Wings like a nun's hands:
First folded in prayer,
Then open in offering."

I was at Mass once where the priest quoted George Harrison: "Everything can wait but the search for God." Though I've seldom thought of it this way, I'll take this now as a reminder to look for the innocence in everyone. If I am to show mercy, as these times and their events demand, then I must learn to see with the eyes of the One who made me, to hear with His ears and feel with His heart. There is nothing better or greater to do anytime, but especially now. 

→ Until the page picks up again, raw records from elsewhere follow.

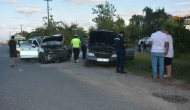 Kontrolden çıkan otomobil, polis otosuna çarptı: 2 yaralı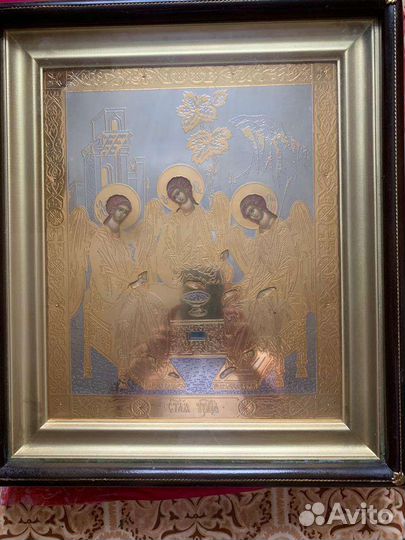 Икона святая троица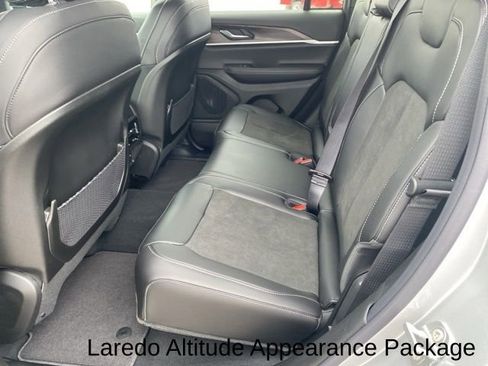 New 2026 Jeep Grand Cherokee Altitude image 26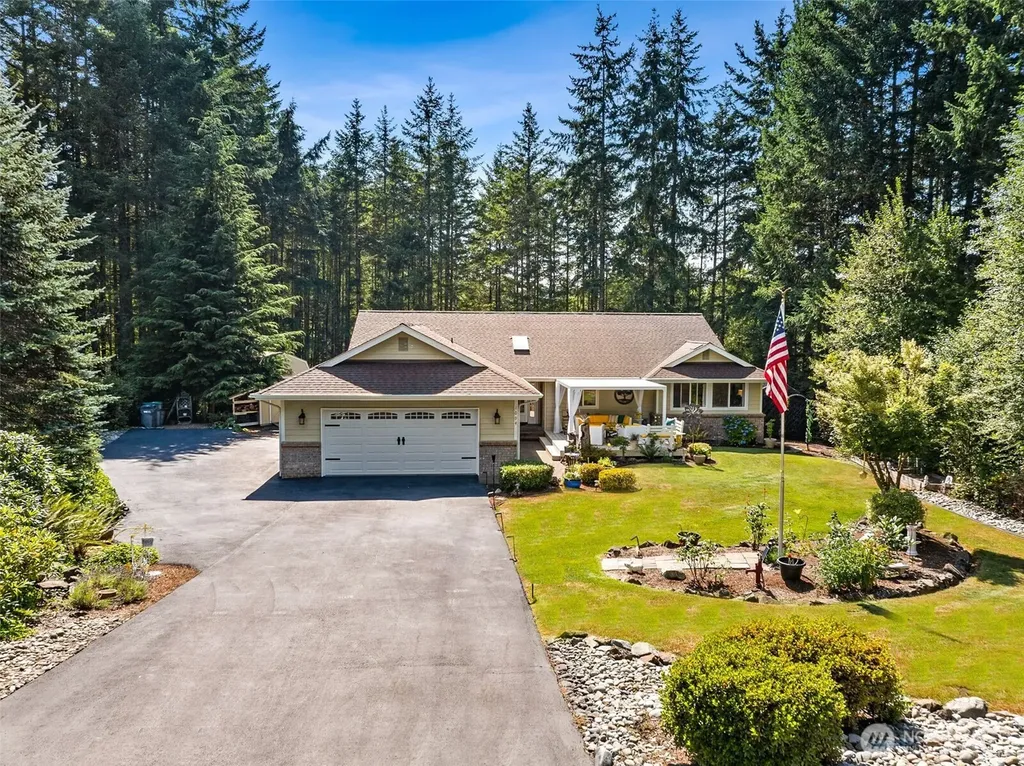 1094 SW Depot Court Port Orchard WA 98367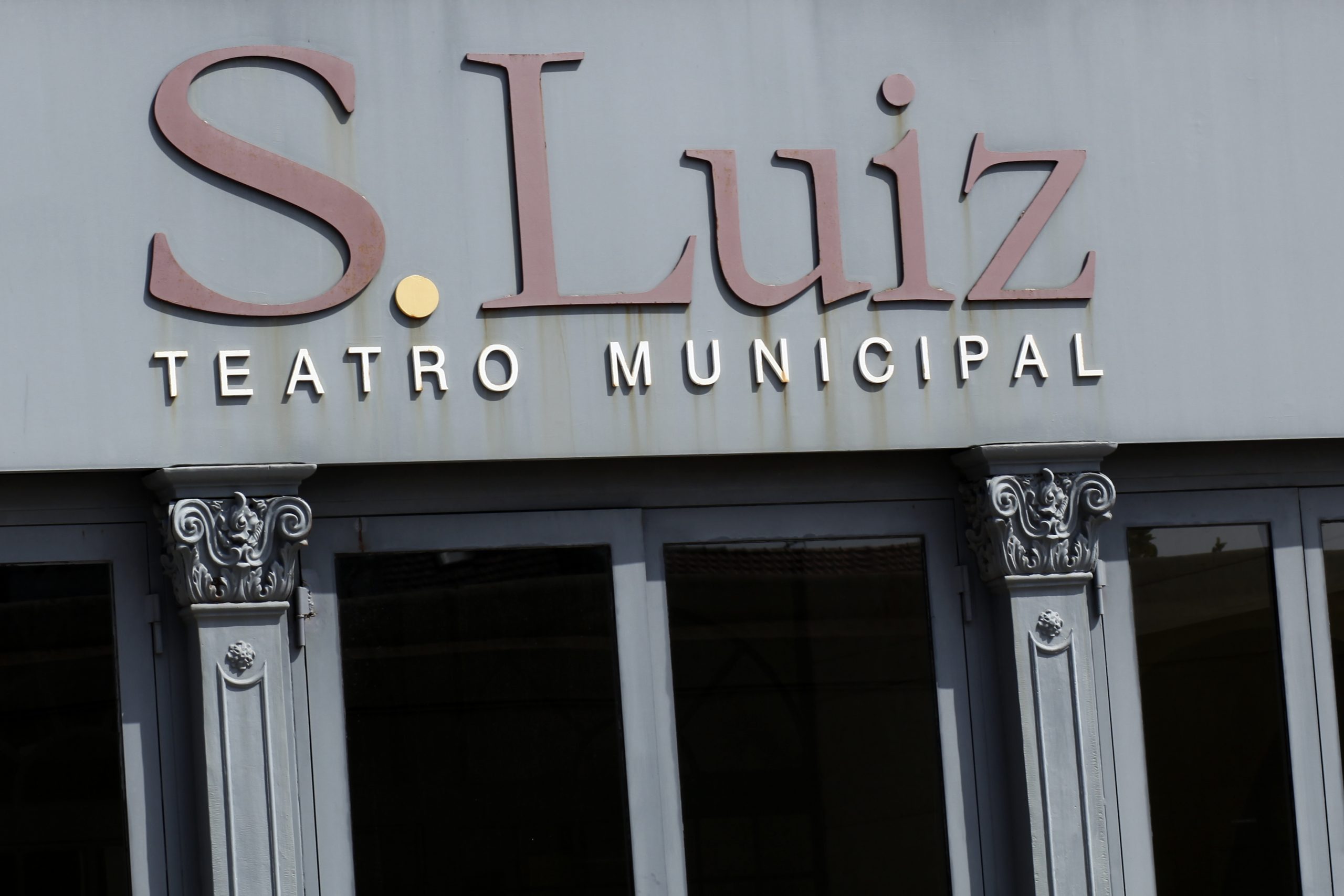 Artistas Unidos levam peça de Noël Coward ao palco na última encenação de Jorge Silva Melo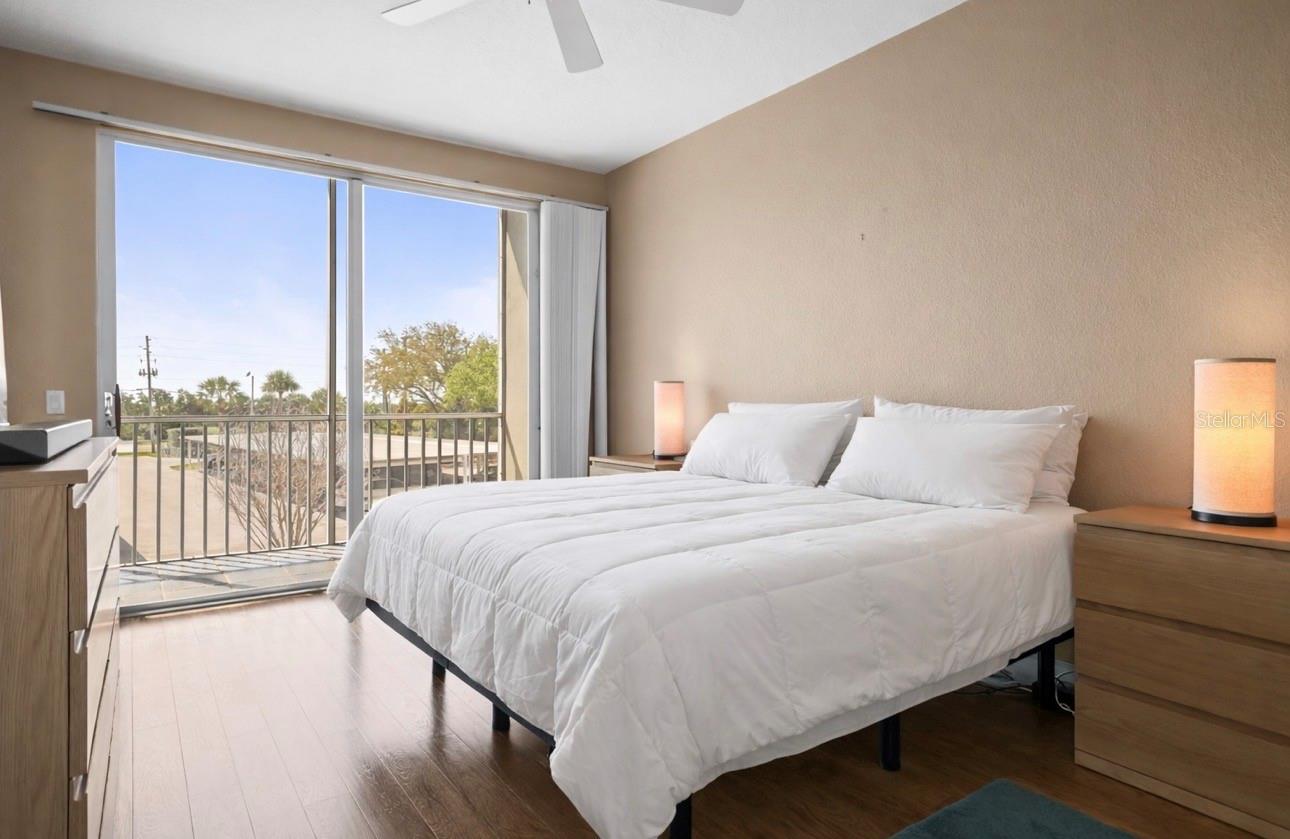 ISLAND PARK CONDO - Residential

Wednesday, February 1, 2017

Noninterference

"I love this lake,
Basin of heavenly tears,
Tilted from lunar pull
Jostling its shore.

I love these mountains,
Stark rock outcroppings,
Sculpted by the oceans,
Lifted at some unknown time,
Isolated in a field of vetch,
Cleaved by silver falls.

A sentinel owl regards me unblinkingly,
And beyond, alpine forests form a cadence
To a distant moon."

I cannot say how many times I have thought or expressed that I wish no harm on anyone currently operating in this new and truly terrifying administration; I wish only that they might become well and truly acquainted with the full extent of the consequences of their proposed actions, both those to come and those already in painful progress. Until then, I can only increase my commitment to preserving my own and our country's principles while countering those who would seek to undermine them. This is a prayer for peaceful coexistence among those who join in the efforts to do both.